Joseph swallowed, attempting to lubricate his suddenly hoarse voice. “Discovered? What are you speaking of?”
Anvil could sense the rising tension. He sidestepped, shaking his head and grunting, but Joseph could do naught to calm him, for his own anxieties were cinching around his throat.
The next Higley spoke seemed unreal, as if said from afar. “I know what you do and who you are—both of you. But how I know, I cannot reveal.” Higley brought his mount as near to Anvil as he could. “If you do not use everything within your power to remain covert, you will be discovered and you will be killed.”
Body numb, Joseph stared, struggling to read the man’s hard expression. “You cannot be serious.”
Higley’s expression clutched Joseph at the chest like a vice.
“If you truly love her, you will get her as far from here as possible, as soon as you can.”

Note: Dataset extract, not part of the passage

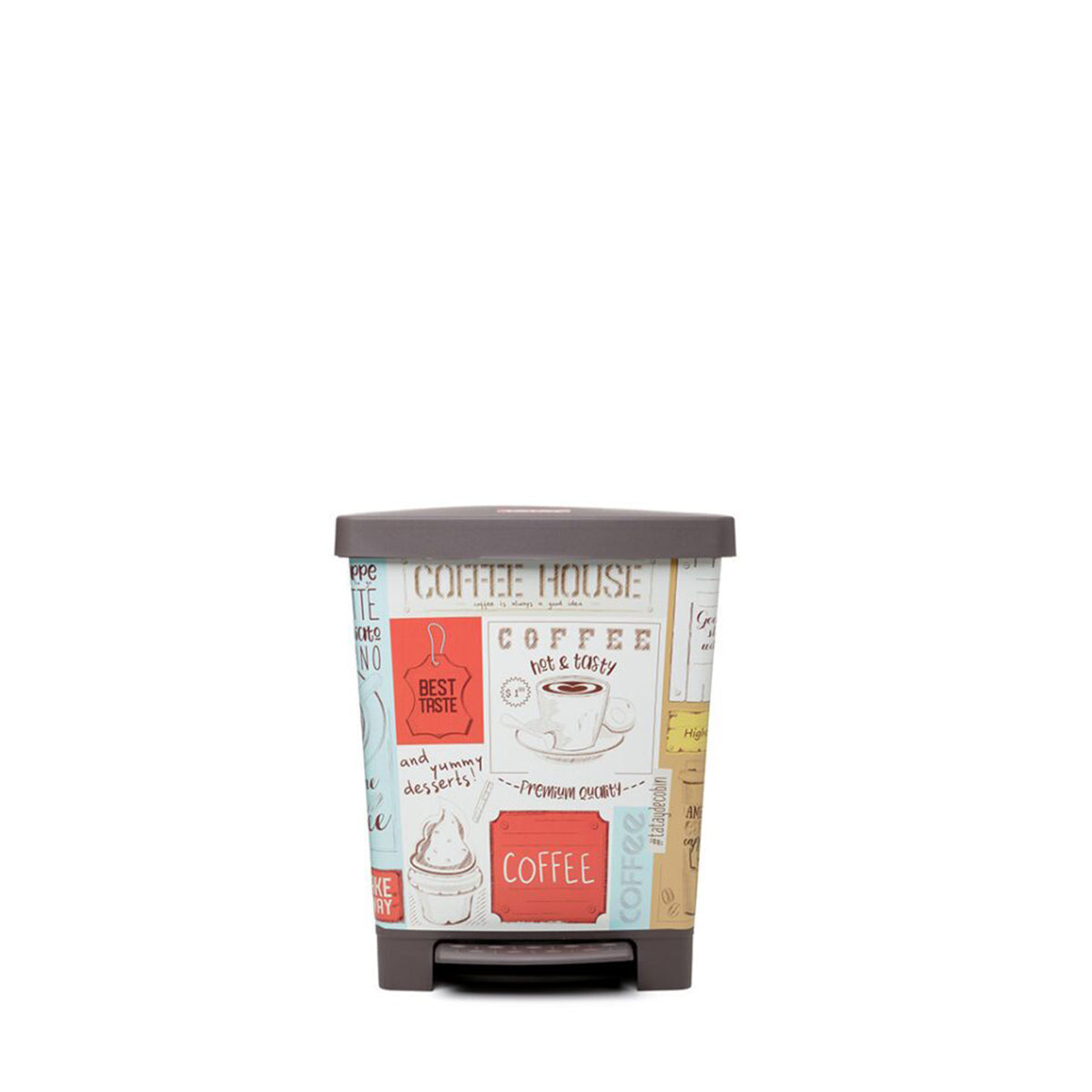 Tatay Pedal Bin Deco Vintage 25L T0205.03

A wintery breeze iced through him. There were too many revelations in Higley’s words to settle on one. They flew around him like snowflakes on a circling wind. Who was this man, and how in heaven’s name did he know so much?
More, how did he know Joseph loved Hannah when he wasn’t prepared to admit such a thing himself?
Joseph sidestepped the swirling questions to face the one most glaring, no longer attempting to ignore the obvious. “What of Stockton? Will not he go after her—us—once we have fled?”
“If you leave now, you may have a chance.” Higley looked up the road, then back the way they’d come and kicked his horse to move again.
Joseph followed.
“Once they discover your involvement, his shame will be revealed to all—that he trusted the enemy with secrets he should not have. He will not rest until you are found.”
“You speak of the enemy, but do so as if I am not one.”
Higley’s jaw ticked. “What you are to them is what should most concern you.”
Still, the man would be so secretive? So much information offered, but so little declared.
Joseph gnawed the inside of his lip, heart racing at a speed he hadn’t known, filling his muscles with blood and resolve. “We shall make the decision we believe best.” If Higley would be cryptic, so would Joseph. “I thank you for your warning. It is duly noted.”
Nodding, Higley glanced away, visibly displeased with the reply. He motioned to the split in the road. “This is where I leave you.”
Joseph tipped his hat, allowing them to part before he stalled, calling after Higley, freeing the question that burned a path through his chest. “Captain. How know you I love her?”
“It lives in your eyes.” Higley inclined his head, a smile ever so slight. “Take care. I doubt you will be able to conceal it much longer.”
With that, Higley pulled his horse around and charged
into the darkened road, leaving Joseph’s shredded disguise to fall to pieces around him.
Dear Lord. He was surely not that transparent, was he?
Anvil grunted and nudged his head toward home. Joseph tapped him to a run. He had much to tell, much also to conceal. Hannah should not learn of Higley’s knowledge of them. ’Twould cause too much alarm, and she dealt enough with burgeoning anxieties.
His pulse charged. Hannah had best be home. If she was not…he would make sure she never left the house without him again.
* * *
Despite the biting cold and the way her breath froze on the air with every exhale, Hannah’s body pumped with heat. She rode into the yard, slowing her mount to a trot, startled at the darkness of the house. No lamps or candles flickered in the windows. Though the sky had yet to wrap fully in black, she knew naught could be seen in the house without the aid of a flame. Was no one home?
Limbs buzzing, unease afresh in her veins, she pulled to a halt and slid to the ground. Racing to the door, she flung it open, shoving aside the childish fear that some unseen ill awaited her in the shadows.
“Joseph?” Her voice echoed through the vacant room.
Blackness spilled through the parlor like ink across a table, pooling in the corners. She fumbled to light the candle at the table beside the door, only fully breathing when its yellow glow offered a pale flickering through the room.
“Joseph?” She closed and latched the door, unable to smooth away the ripples in her voice. “Joseph, are you here?”